1 January – 31 December, 2008
Final accounts 2008
- Net sales: SEK 560.2 (457.2) million
- Profit after tax SEK 95.8 (62.9) million
- Profit per share after tax: SEK 2.01 (1.32)
- Proposed dividend: SEK 1.00 (1.00) per share
- EBITDA of USD 24.7 (13.5) million
- Available liquid funds SEK 507.5 (515.9) million
- Forecast for 2009: A profit before tax of USD 8 (SEK 70) million
- Long contracts provide stability in a weakening market
- Newbuilding program proceeding according to plan
Our business activities during the fourth quarter proceeded according to plan. Sales totalled SEK 168.1 (117.9) million and the result before tax was SEK 40.0 (31.4) million
Comments on the result
Both sales and the profit trend are in line with the forecast for the full year. The increase in sales and operating result is mainly due to the delivery of the Stena Perros and new contracts signed for the Stena Vision and the Stena Victory.
The fact that we posted a good profit, despite the current market situation, is a consequence of our strategy to sign our vessels to long contracts. We have a fleet that is generating stable revenues, which are higher than the freight rates on the spot market.
Future prospects
The market trend in the short term is difficult to forecast. Several factors point to a weaker market. The major challenge is the large number of vessels under construction with delivery set for 2009 and 2010. Theoretically, this should have dampening effect on prices. To this should be added the generally weak economic climate, which has already begun to have an impact on freight rates.
However, it is impossible to predict how deep and protracted the downturn will be. A prolonged weak market in combination with a poorly functioning credit market could, paradoxically, have a positive effect on the balance between supply and demand. In this situation, shipping companies with poor cash flows and/or little access to financing could find themselves facing acute problems. This, in turn, could lead to delayed deliveries or even annulled orders resulting in a more balanced growth of the fleet.
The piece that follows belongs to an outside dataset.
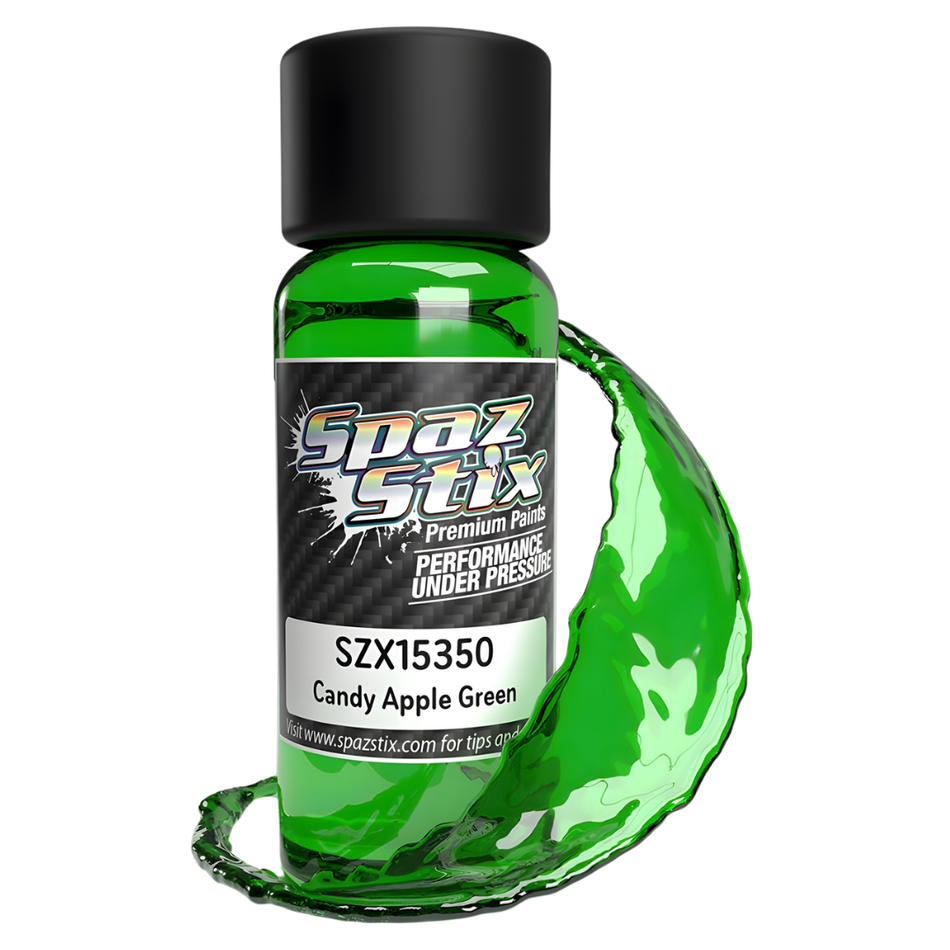 Spaz Stix Candy Apple Green Airbrush Paint 59ml Polycarbonate RC SZX15350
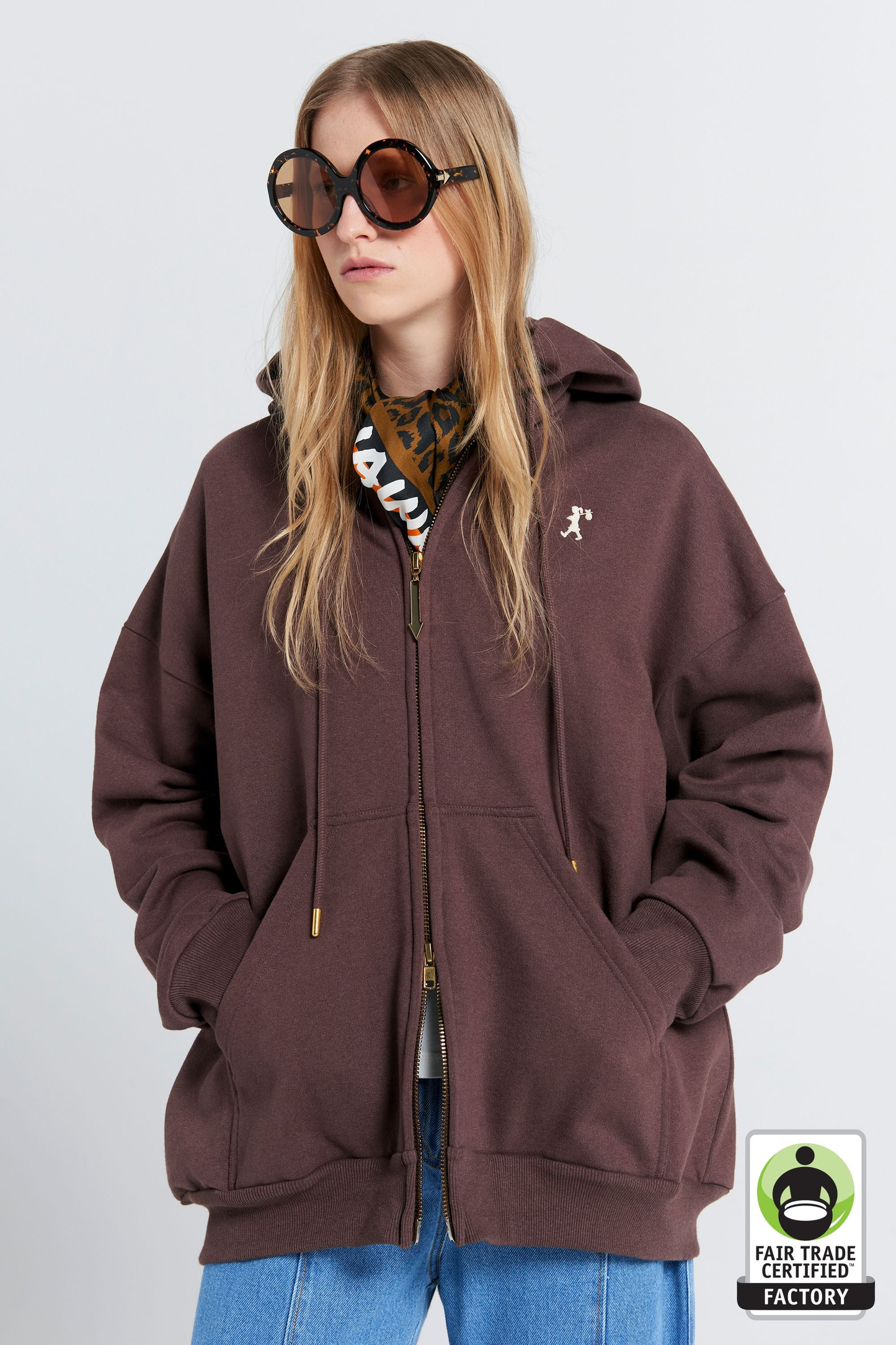 Karen Walker Oversized Hoodie - Chocolate Brown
In the more long-term perspective, I am firmly convinced that there will continue to be a large demand for safe transportation of oil as a consequence of rising energy requirements and the comprehensive utilisation of oil and petroleum products. At Concordia Maritime, we will use our stable cash flows and strong financial position to take advantage of opportunities created by the current market situation.